Im Ersten Weltkrieg war er zwei Jahre lang als Hauptmann der Landwehr im Einsatz und wurde dann nach Stuttgart zurückgerufen, und zwar ins Staatsministerium. Noch kurz vor Toresschluss, am 6. November 1918 ernannte König Wilhelm II den 50-Jährigen zum Staatsrat. Hatte Edmund Rau im Königreich Württemberg eine untadelige Karriere hingelegt, so endete diese keineswegs mit dem kurz darauf folgenden politischen Umsturz. Auch das demokratisch verfasste Land Württemberg war auf fähige und treue Staatsdiener angewiesen.

Die Nachkriegsjahre mit ihrer desolaten Ernährungslage stellten das junge, demokratische Land vor ein große Bewährungsprobe. Um des Mangels Herr zu werden, wurde das Ernährungsministerium gegründet. Hier wirkte Rau mit großem Talent und Fleiß und wurde schließlich als Nachfolger von Wilhelm Keil selbst Ernährungsminister. Und das Arbeitsministerium erhielt er gleich noch dazu.

Doch damit nicht genug: Als im Jahr 1924 der Staatspräsident Johannes Hieber im Streit um die Verwaltungsreform zurücktrat, wurde der parteilose Edmund Rau am 8. April württembergischer Staatspräsident. Und er bekam zusätzlich auch noch das Kultusministerium aufgeladen. Alles bewältigte er mit Bravour. Dann aber kam es am 10. Juni zur regulären Wahl, und dabei spielten nicht Einsatz und Tüchtigkeit eine Rolle, sondern parteipolitische Erwägungen.

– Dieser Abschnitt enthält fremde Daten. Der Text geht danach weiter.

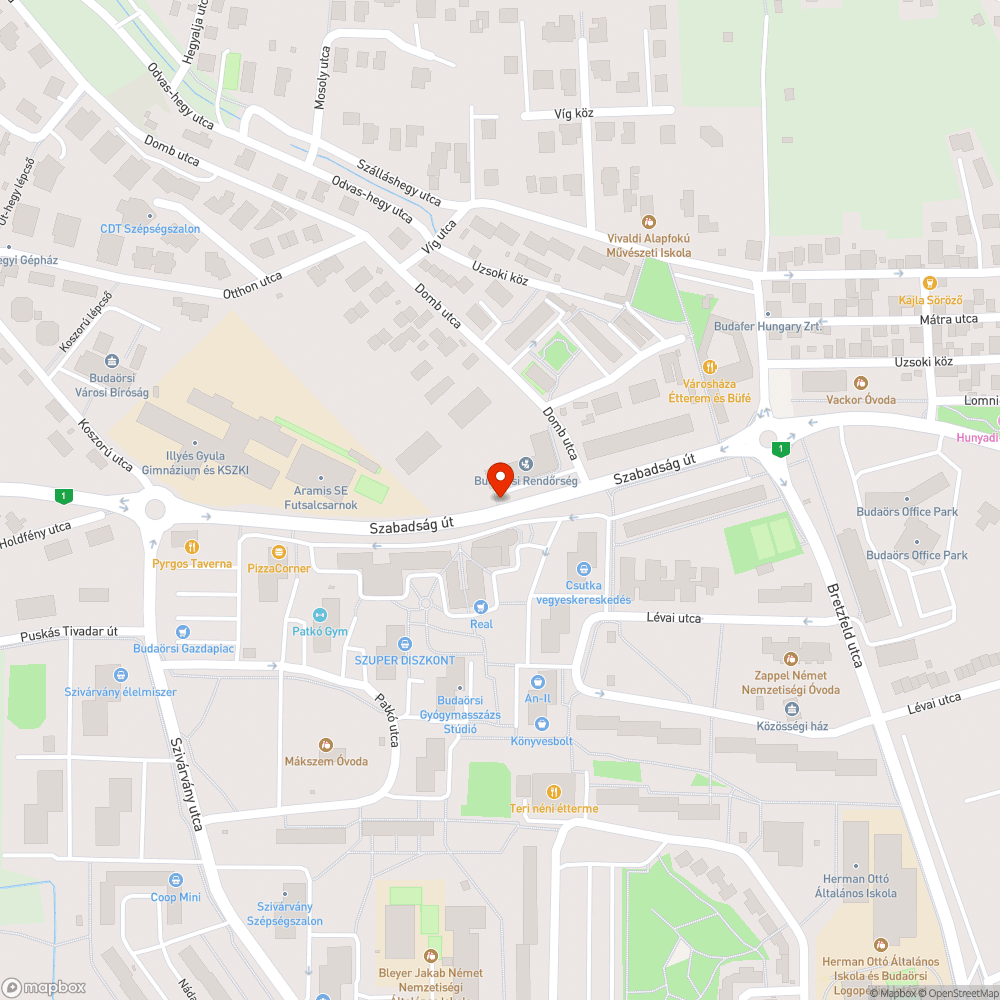 Balesetveszélyes, brutálisan nagy úthiba bejelentés helye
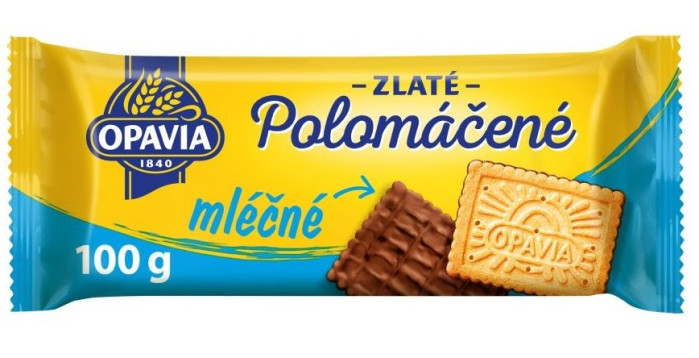detail Opavia Zlaté polomáčené 100g Mléčné (36)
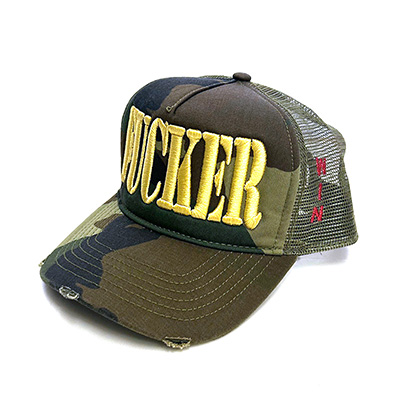 FUCKER TRUCKER HAT -CAMO-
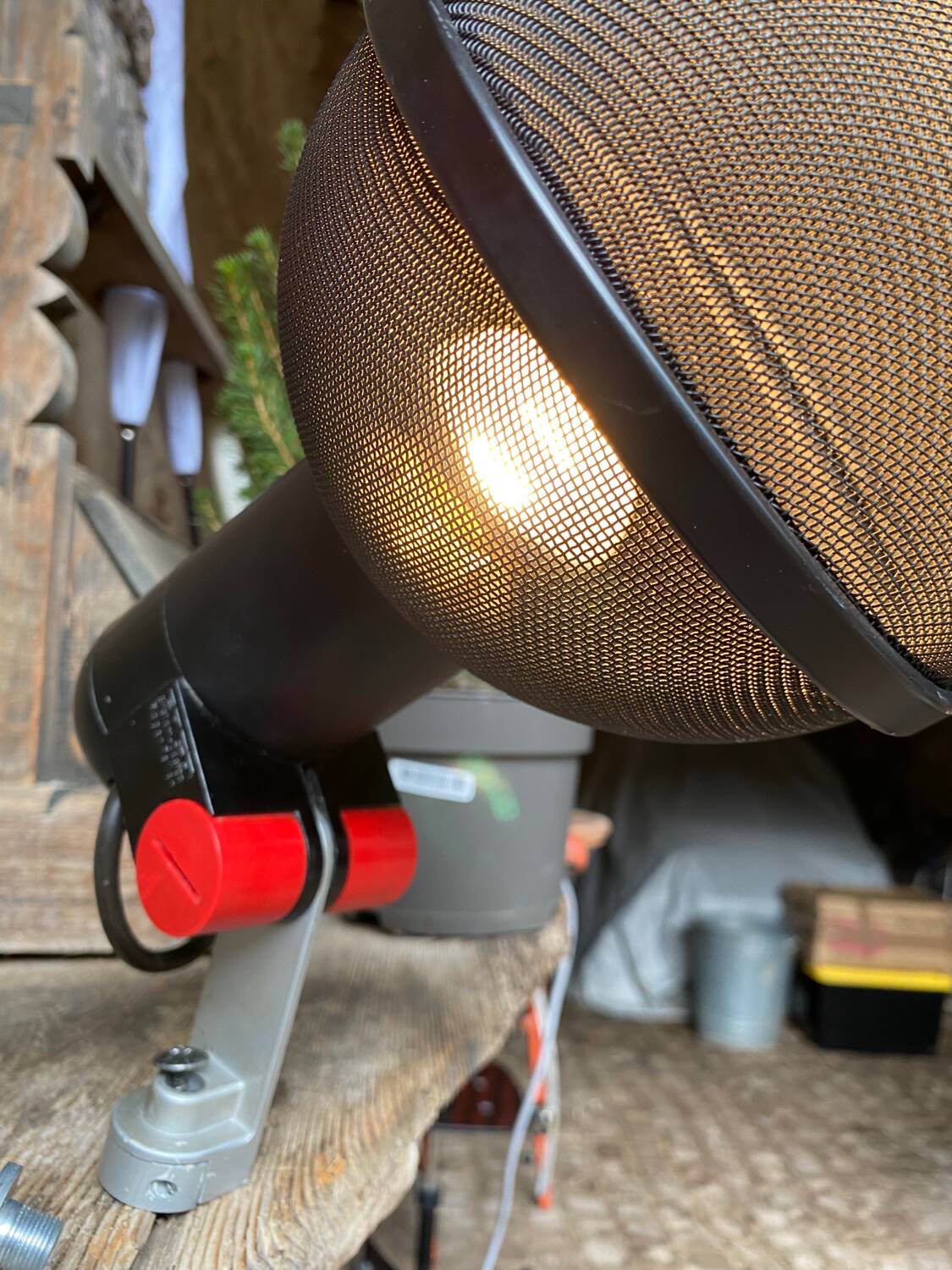 Red and black MICRO wall light by Roger Tallon for ERCO circa 1970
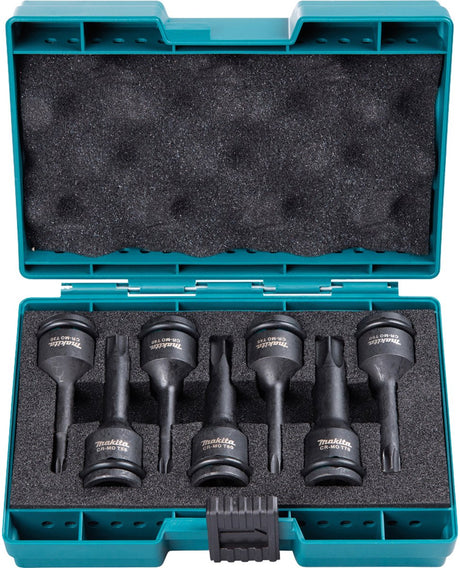 Imp-Makita-Torx-Schlagschrauber-Bit-Set | 7-teilig | actblack | 1 2'' | Großbritannien – e-23628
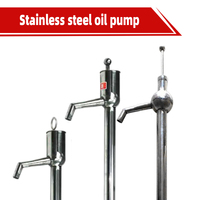 Pompe manuelle portable légère avec valve unidirectionnelle étanche pour le transfert d'eau propre et de solvants chimiques faiblement corrosifs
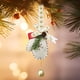 thumbnail image 1 of Campanas de Viento Navideñas | Adorno Colgante de Campanas Pequeñas | Poliéster Rojo y Blanco | Sonido de Tintineo | Decoración para Árbol de Navidad | Decoración Festiva para Ventanas y Puertas | Re, 1 of 6
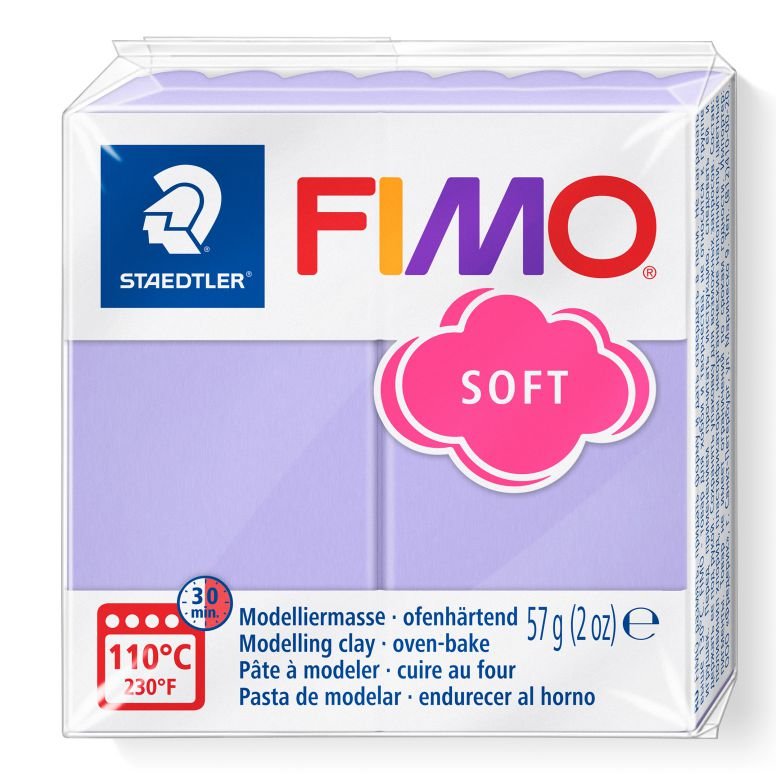 STAEDTLER ΠΗΛΟΣ FIMO 8020-605 SOFT LILAC 57gr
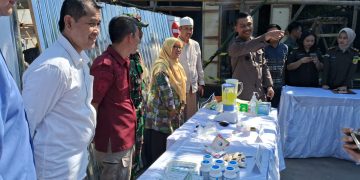 Barang bukti dari puluhan perkara pidana dimusnahkan Kejari Lebak.(SuaraNusantara/Def)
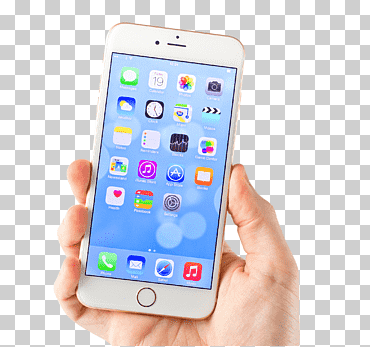 persona que tiene encendido el iPhone 6, iPhone 6, iPhone 6 y iPhone 4s, iPhone 6 y blanco, electrónica, artilugio, teléfono móvil png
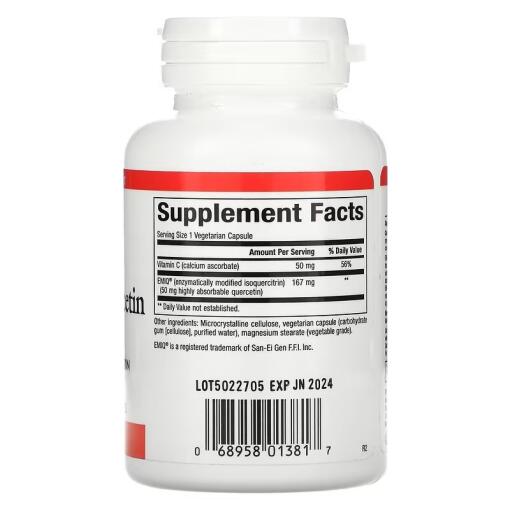Natural Factors - Bioaktivt Quercetin EMIQ, 50 mg, 60 kapslar - Bild 5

Die Deutschnationalen setzten allerdings ihren Kandidaten Wilhelm Bazille durch und Edmund Rau hatte ins Glied zurückzutreten. „Der Mohr hatte als Staatspräsident seine Schuldigkeit getan, der Mohr musste nun abtreten“, wie Wilhelm Keil später in seinen Memoiren bitter vermerkte. Allerdings muss auch gesagt werden, dass Rau kein Mann war, der sich nach vorne drängte, und es ist nicht bekannt, ob er das hohe Amt überhaupt auf Dauer ausüben wollte. In der dritten Sitzung des neuen Landtags sprach der Präsident dann das aus, was viele dachten: Rau habe sich „in vorbildlicher, opferbereiter Weise in den beiden letzten Monaten dem Lande als Staatspräsident zur Verfügung gestellt und dadurch an einer Entspannung der politischen Lage mitgewirkt, wofür ihm das ganze Land Dank schuldet“.

Rau wurde wieder zum Ministerialdirektor degradiert und arbeitete trotzdem loyal weiter. Von 1925 an war er Vorsitzender der Zentralstelle für Wohltätigkeit in Württemberg. 1930 verlieh ihm die Universität Tübingen den Dr. honoris causa. Von 1930 bis 1933 war er Präsident des Württembergischen Verwaltungsgerichtshofs. Aus diesem Amt wurde er am 31. März 1933 aus politischen Gründen zwangsweise in den Ruhestand versetzt. Der prinzipientreue Beamte passte den Nationalsozialisten und deren Reichsstatthalter Wilhelm Murr überhaupt nicht.

Öffentlich ist Edmund Rau seit dem Jahr 1933 nicht wieder hervorgetreten. Seinen Ruhestand widmete er der Familie, der Zentralleitung für Wohltätigkeit und seinen Aufgaben als Synodaler in der evangelischen Landeskirche. Beim Aufbau der Landeskirche nach dem Krieg half er tatkräftig mit und war von 1946 bis 1948 noch Präsident des Landeskirchentages. Dann zog er sich endgültig zurück und starb weitgehend unbeachtet am 4. Mai 1953 in Stuttgart, wo er auf dem Fangelsbachfriedhof begraben wurde.

Seinen schönen Grabstein hat die Stadtverwaltung Stuttgart leider abräumen lassen und momentan bemüht sich der Landeshistoriker Gerhard Raff, diese Sünde durch Errichtung eines neuen Steins wieder gut zu machen. Das hätte der in Warmbronn aufgewachsene, kurzzeitige Staatspräsident Edmund Rau sich auch verdient, von dem die Stuttgarter Zeitung seinerzeit schrieb, er sei „ein aufrechter, fähiger, unbestechlicher und charaktervoller Staatsbeamter alter Prägung“ gewesen.